No, I think that people in
San Francisco had something of a different idea in those days about what you
might get out of a reading, how you approached it as a listener as well as from
a reader’s perspective. The real reading doesn’t begin until the reader can
hear the audience audibly shifting in their chairs – it is literally a matter
of body language – settling in. The audience isn’t completely engulfed in the
reader’s voice or world until about twenty minutes into the reading, which – if
the reader is any good – is when the event begins to take on a special quality,
when the ear can hear as well as the eye can see, when a good poem genuinely
can transport a listener not only into a different universe or world, but into
the most minute points of the text, all those little features that are
inaudible until then. For example, how often DuPlessis uses “so” as a connector
between sentences – perhaps her one Poundian trait – and the relative elevation
in rhetorical tone that one little word lends to a text. I’d never noticed that
before & I’m not at all certain that I would have if DuPlessis had only
read one section of Drafts & kept the reading to 15 or 20 minutes. Nor might I have noticed how she pronounces certain words
differently than I do, such as “barbaric.” For her, those first two syllables
rhyme, whereas I flatten the “a” in the second syllable almost to a nasal
twang: “bar-bear-ic.” I’m not sure what that might be telling us about our
relative histories and placement on a linguistic geography, but the reading
made me realize that, intellectually at least, I prefer her version.

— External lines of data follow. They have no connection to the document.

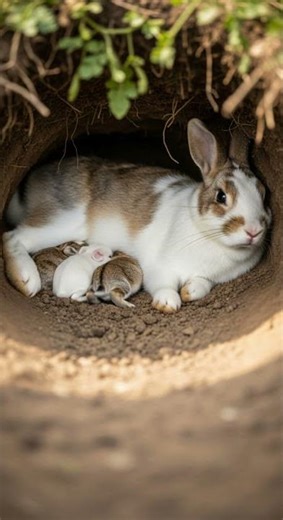 Found a small bunny with breasts, cute pet looks adorable and playful #bunny #pets #cute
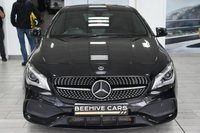 USED 2018 18 MERCEDES-BENZ CLA 2.1 CLA220d AMG Line Coupe 4dr Diesel 7G-DCT Euro 6 (s/s) (177 ps) *HOME DELIVERY 7 DAY MONEY BACK*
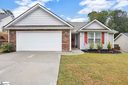 204 Morning Creek Drive sold home in Easley, SC
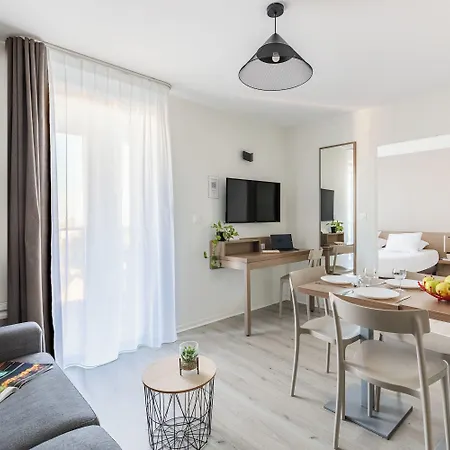 Appart'city Confort Saint-nazaire Ocean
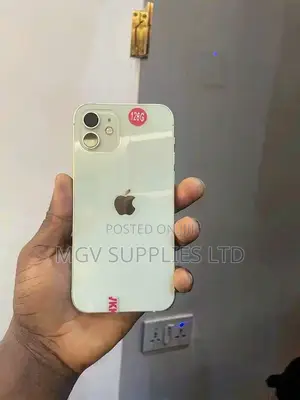 Apple iPhone 12 128 GB Green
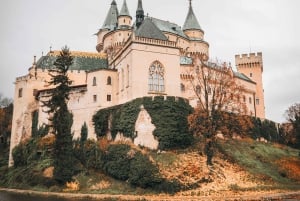 De Viena, um dia na Eslováquia mágica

Any good reading brings so
much new information to a listener who knows, at least in general terms, the
work of the reader. In Draft 12:
Diasporas (p. 85 of Drafts 1-38,
Toll, Wesleyan, 2001), DuPlessis filled in the blanks of “X---xes” as ”Xeroxes,” subtly registering that company’s
well-known allergy against the generic use of their corporate name. The word
ties that line more completely to the discussion of photocopying and
intellectual property &, frankly, it’s obvious on the page – I’d just been
clueless previously. So the reading offered me new depths & twists,
throughout. A good reading of familiar work is not like seeing a favorite movie
the second, third, or fifth time nearly so much as it is seeing an entirely new
production, say, of Lear that enables
you to imagine the play from a whole new vantage point. Which isn’t the poet’s
necessarily, although it is one very much informed by how the poet understands
his or her work.
I think that some of what
came out of San
Francisco in
the mid-1970s can be traced back to people giving more in-depth readings &
the audience feedback that ensued. This wasn’t restricted to just four or five people
– it was pretty much everybody, regardless of aesthetic. One ironic result of
course is that when some out-of-towners came in & gave short readings, it
made everybody in SF think that these auslanders
weren’t really working very hard. Which no doubt was unfair & really
ultimately inaccurate, but it reinforced the idea that everybody locally was
trying their very hardest & that the result was turning out to be something
special. That sense of something special going on also
propelled people to strive to do both more & better.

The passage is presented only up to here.